Physicists report first measured isomeric-ratio in multinucleon-transfer reactions: A doorway to access terra incognita

Delving into the intricate properties of heavy neutron-rich nuclei is crucial since they have the potential to reshape our understanding of nuclear physics and astrophysics.

Determining the nuclear properties of these exotic nuclei is like piecing together a complex puzzle to understand the evolution or possible quenching of nuclear shell structures. These structures play a significant role in astrophysical processes like the rapid neutron capture process (r-process), which is essential for forming heavy elements in the universe.

Why multinucleon-transfer (MNT) reactions?

Production of heavy exotic nuclei, which are far from the stability line of the nuclear Segrè chart, is incredibly challenging with conventional reaction methods like fusion-evaporation, fusion-fission or fragmentation. That is why finding a way to unlock their secrets through multinucleon-transfer (MNT) reactions is essential.

The MNT reactions involve the exchange of multiple protons and neutrons between interacting systems at energies around the Coulomb barrier, allowing the population of projectile-like/target-like fragments (PLFs/TLFs).

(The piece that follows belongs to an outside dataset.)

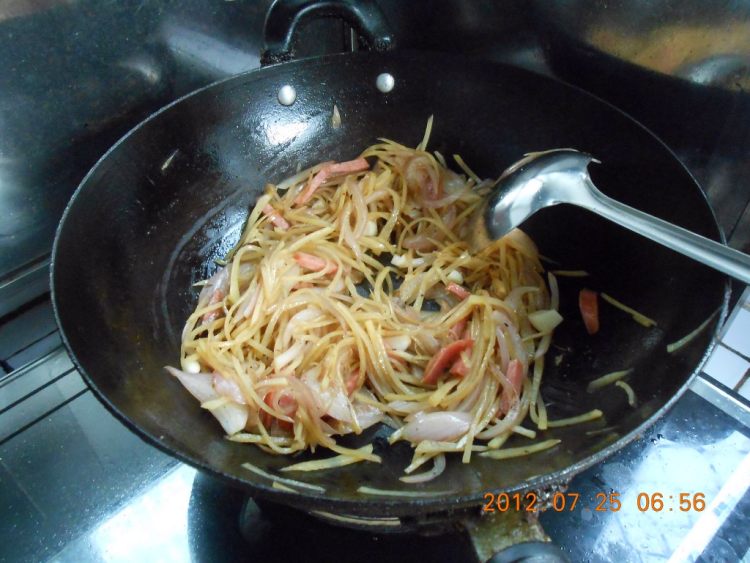 洋葱土豆丝步骤11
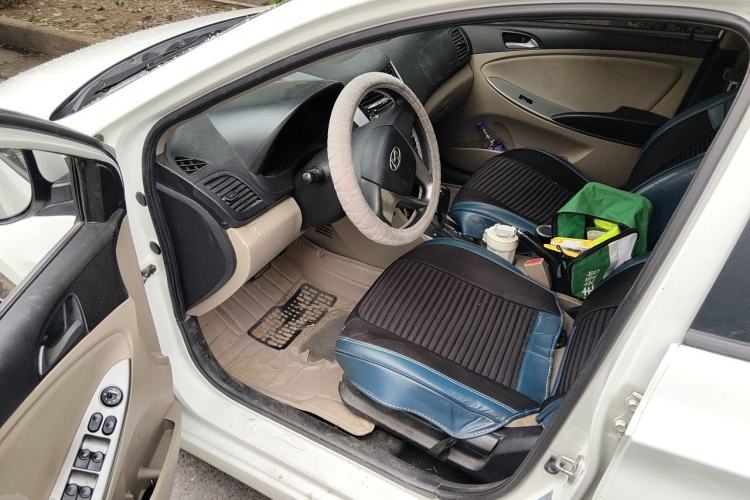 Used Hyundai Verna (older generation) 2014 1.4L Automatic Smart GLS Driver Seat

Hence, neutron-rich heavy beams, preferably intense radioactive ion beams (RIBs), targeting neutron-rich nuclei can populate neutron-rich PLF/TLF nuclei with high-spin isomeric states at low excitation energies.

Recent studies, both experimental and theoretical, have demonstrated that MNT reactions hold tremendous potential to access these exotic nuclei of the terra incognita region. Our international research team has conducted a series of MNT experiments at the Ion-Guide Isotope Separator On-Line (IGISOL), University of Jyväskylä (Finland). In addition to the general commissioning of the setup, we have collected the data to understand the reaction mechanism better.

Our work is published in the journal Physics Letters B.

Nuclear isomers

One of the most intriguing aspects of our study involves isomers, which are long-living excited states in nuclei. By studying the relative production of these isomers relative to their ground states, known as isomeric ratios (IRs), we gain valuable insights into nuclear structure and the underlying reaction mechanism. Our work is the first experimental and theoretical study on the IRs of nuclei created from two different proton transfer (????-transfer) channels via two different MNT reactions.

Through our study, we aimed to answer several questions: How does the spin of the target or nucleon transfers affect the high-spin isomer population? How accurately can state-of-the-art MNT model calculations explain our observations? What gaps remain in our understanding of these processes? These questions are essential for deciphering the spin distributions of MNT fragments, which, in turn, influence the population of isomers.

How could we determine the isomer ratios?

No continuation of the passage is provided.